'''

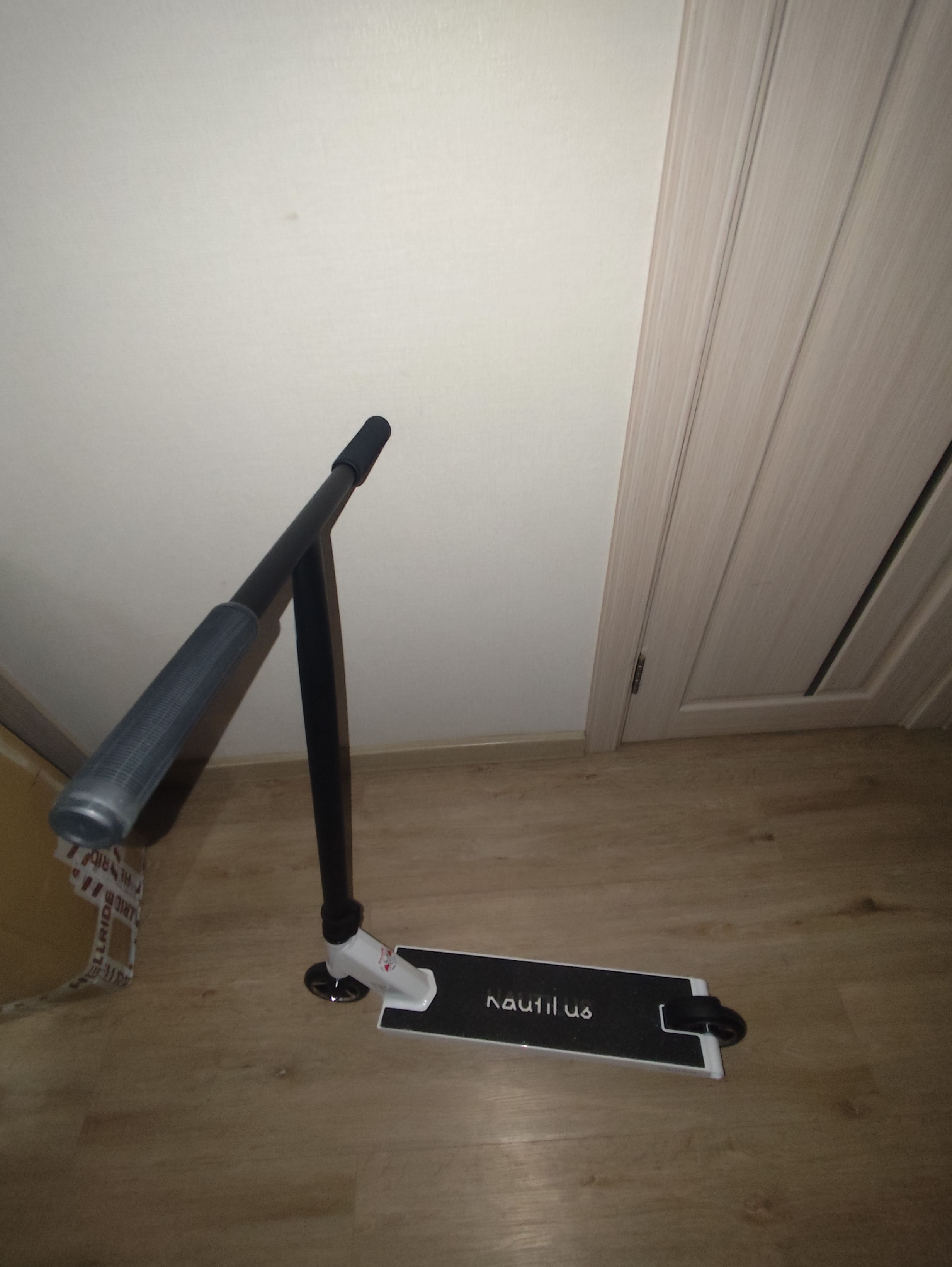 user's image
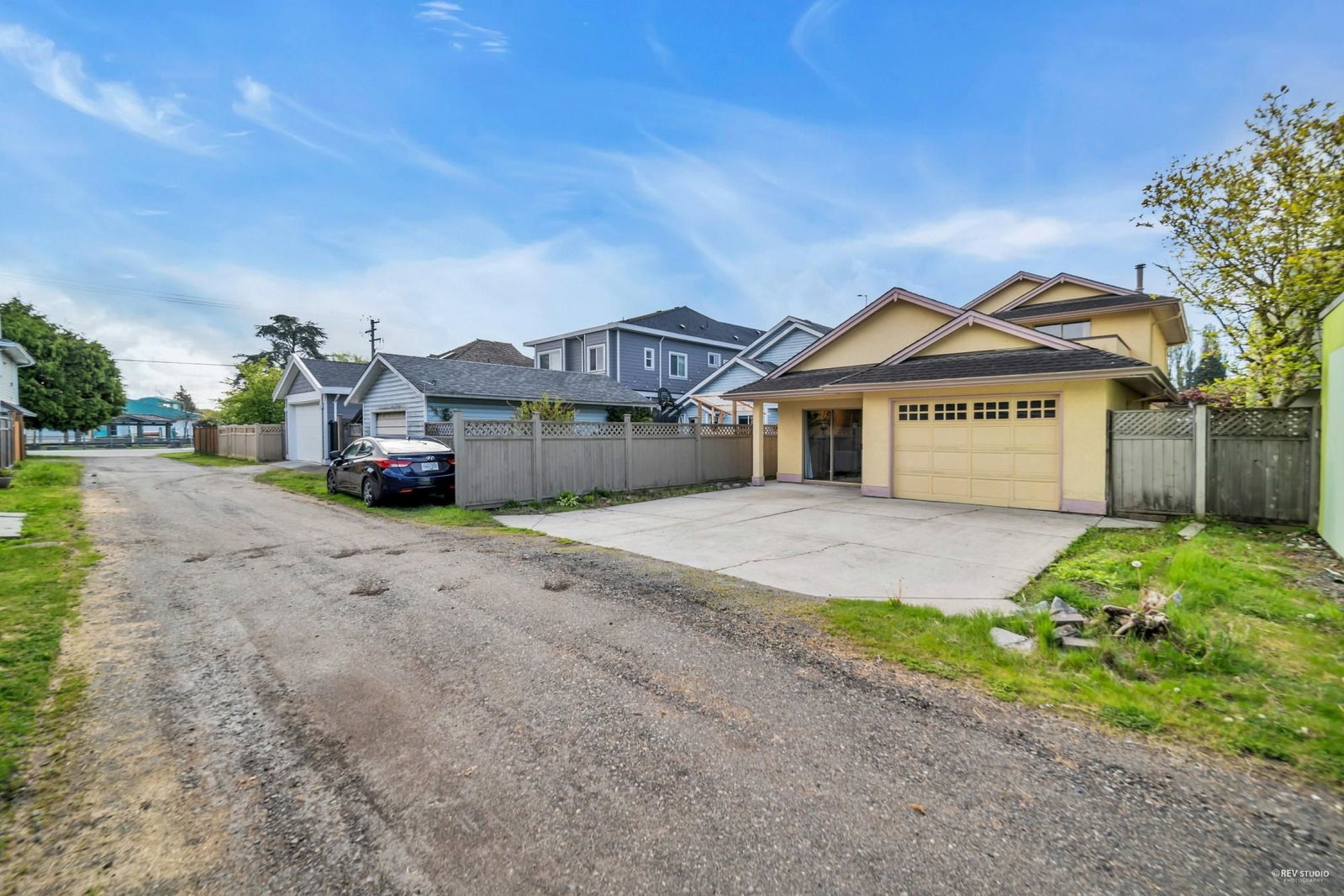 Listing Image 37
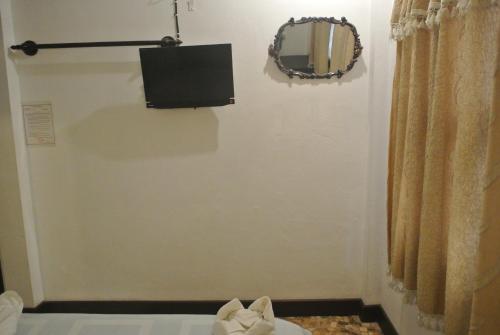 view khemkhong guesthouse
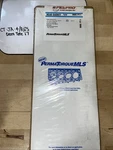 Fel-pro 9005 PT-1 Cylinder Head Gasket. Fixed Price $10.79.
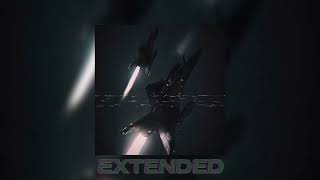 MoonDiety - GO!  // Slowed + Reverb  [ Extentded ]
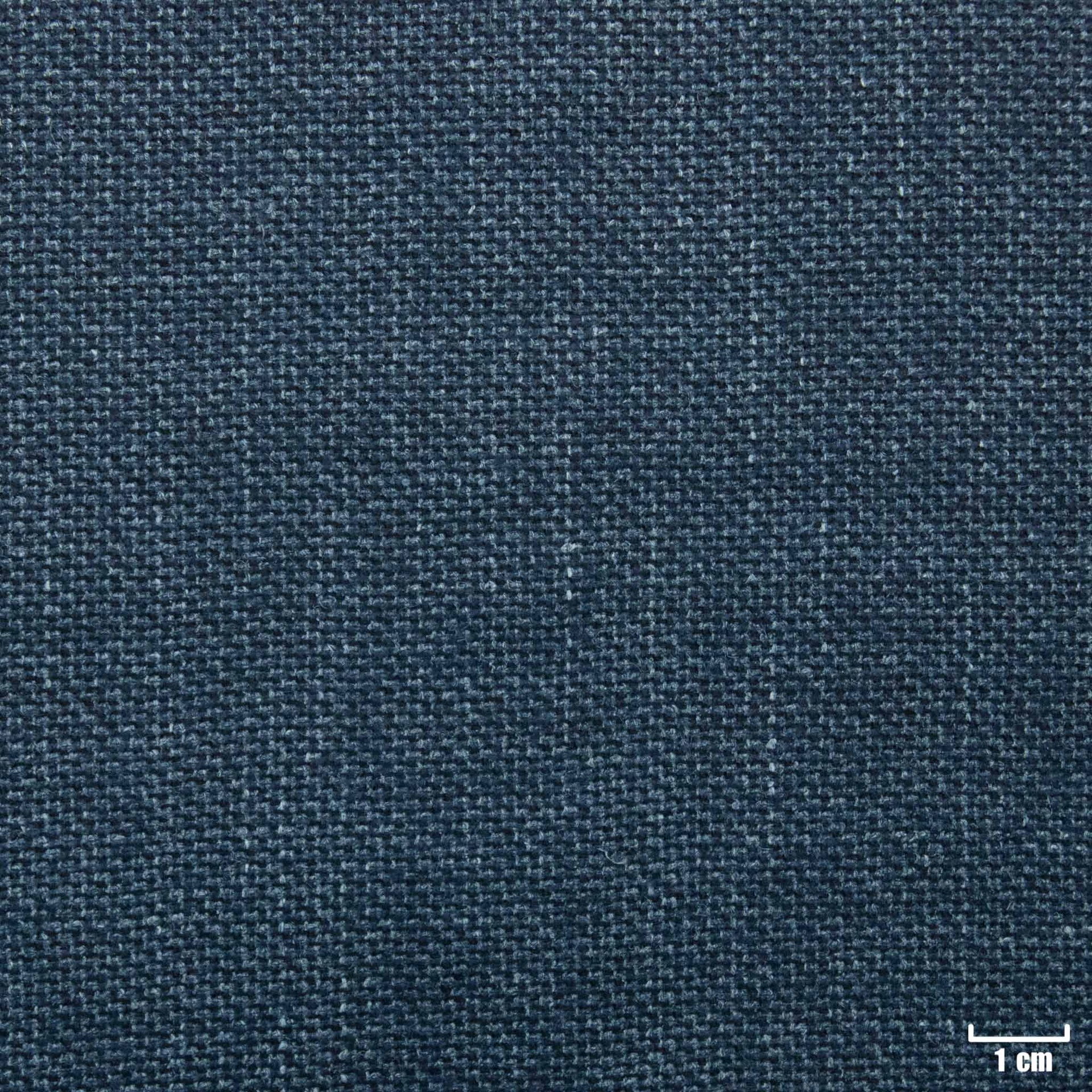 [223052] BLUE, PLAIN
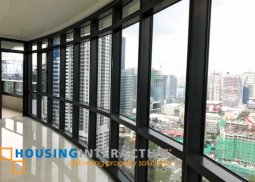 for rent -2br in arya residences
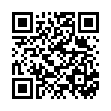 QR Sn Coca в гранулах Ch 9 4г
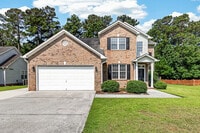 Building Photo - 217 Stagecoach Dr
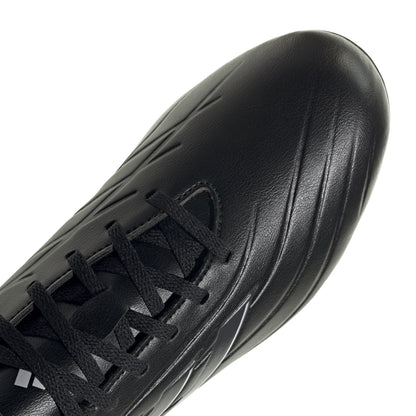ADIDAS BOOT COPA PURE CLUB 2 MN CORE BLACK (SS24)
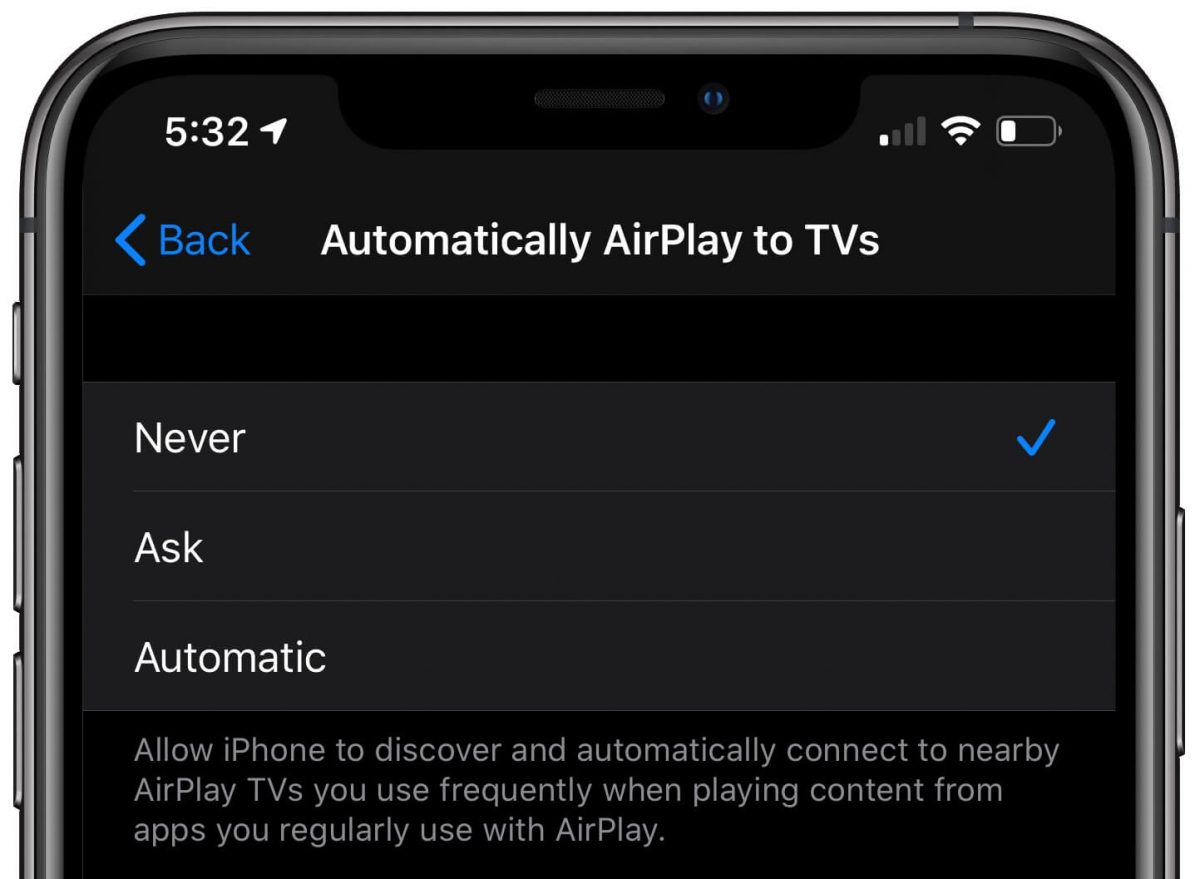 screen-mirroring-airplay-stops-when-iphone-locks-best-fixes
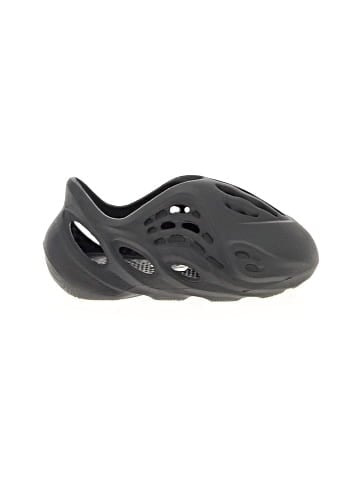 Adidas Clogs (view 1)
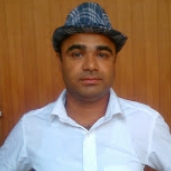 Atma Ram-Freelancer in Mohali,India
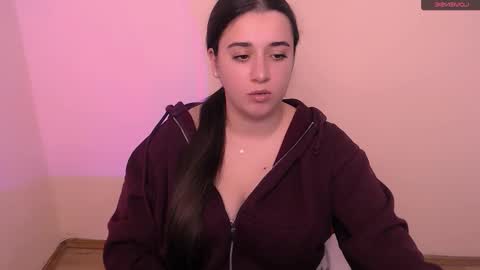 Alina online show from March 6, 9:26 am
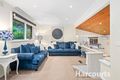Property photo of 10 Grandview Crescent Upper Ferntree Gully VIC 3156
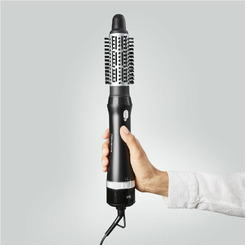 Фен-щетка Rowenta CF6320F0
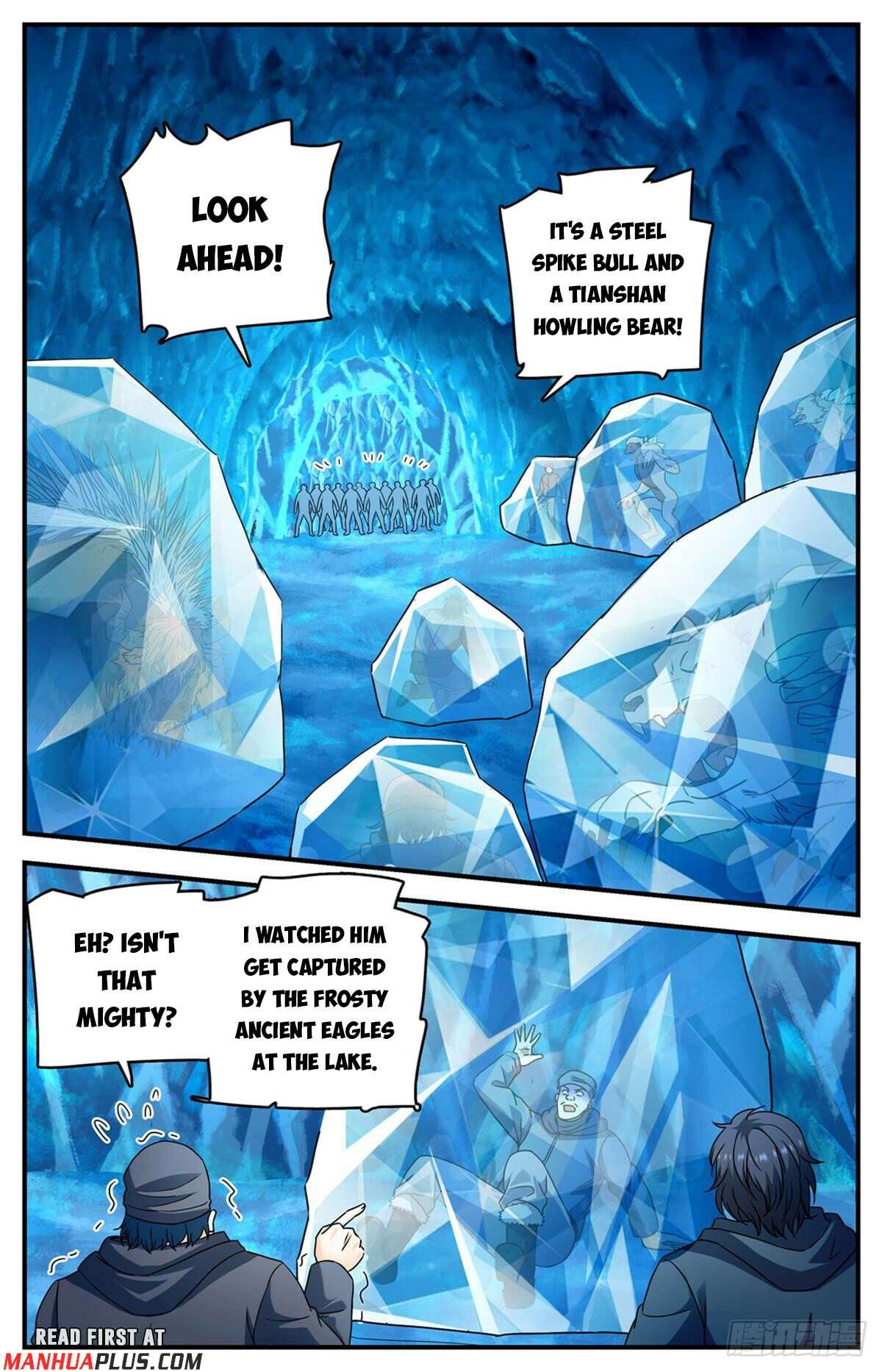 Page 7 of Chapter 1075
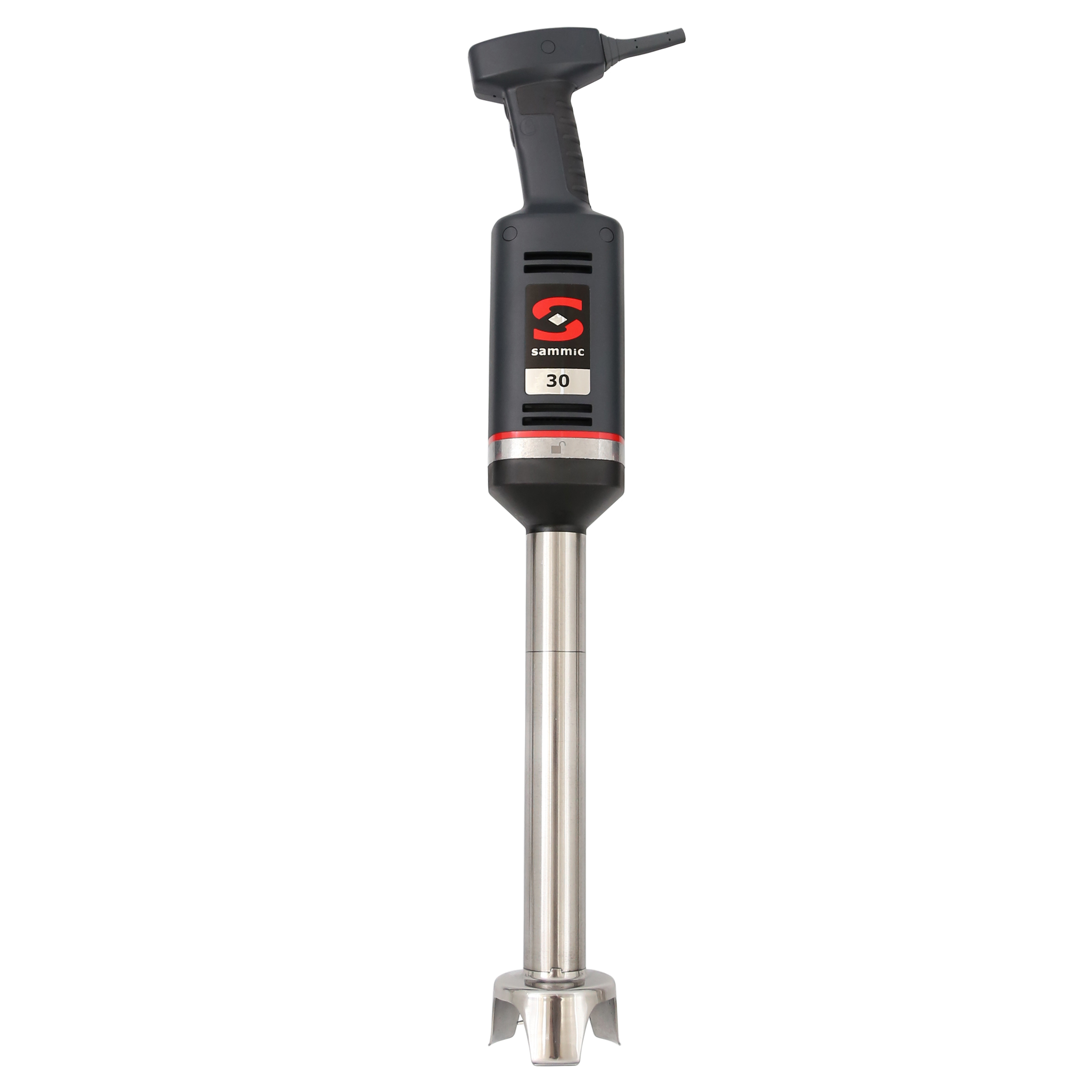 Sammic Immersion blender XM-32 230/50-60/1 UK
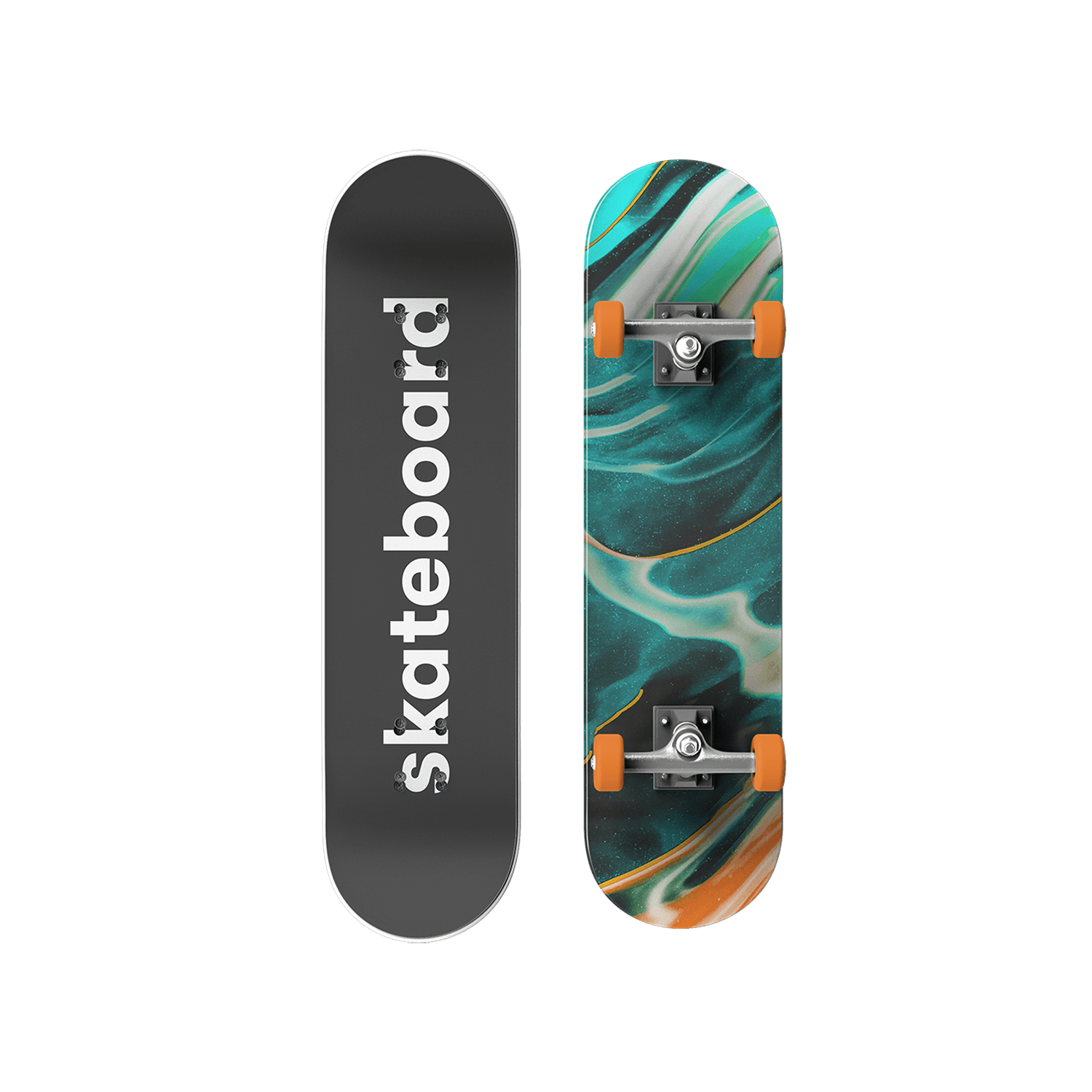 catalog-categories-sports-outdoor-skateboarding-skateboards-skateboard-04-skateboard-04-2.png - c7cb0595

'''

*Problem statement*:
In the listing above, find the line containing "view khemkhong guesthouse" and the line containing "Building Photo - 217 Stagecoach Dr"; print those lines and every line between them exactly, leaving out pictures.

*Reply to the task*:
 view khemkhong guesthouse
 Fel-pro 9005 PT-1 Cylinder Head Gasket. Fixed Price $10.79.
 MoonDiety - GO!  // Slowed + Reverb  [ Extentded ]
 [223052] BLUE, PLAIN
 for rent -2br in arya residences
 QR Sn Coca в гранулах Ch 9 4г
 Building Photo - 217 Stagecoach Dr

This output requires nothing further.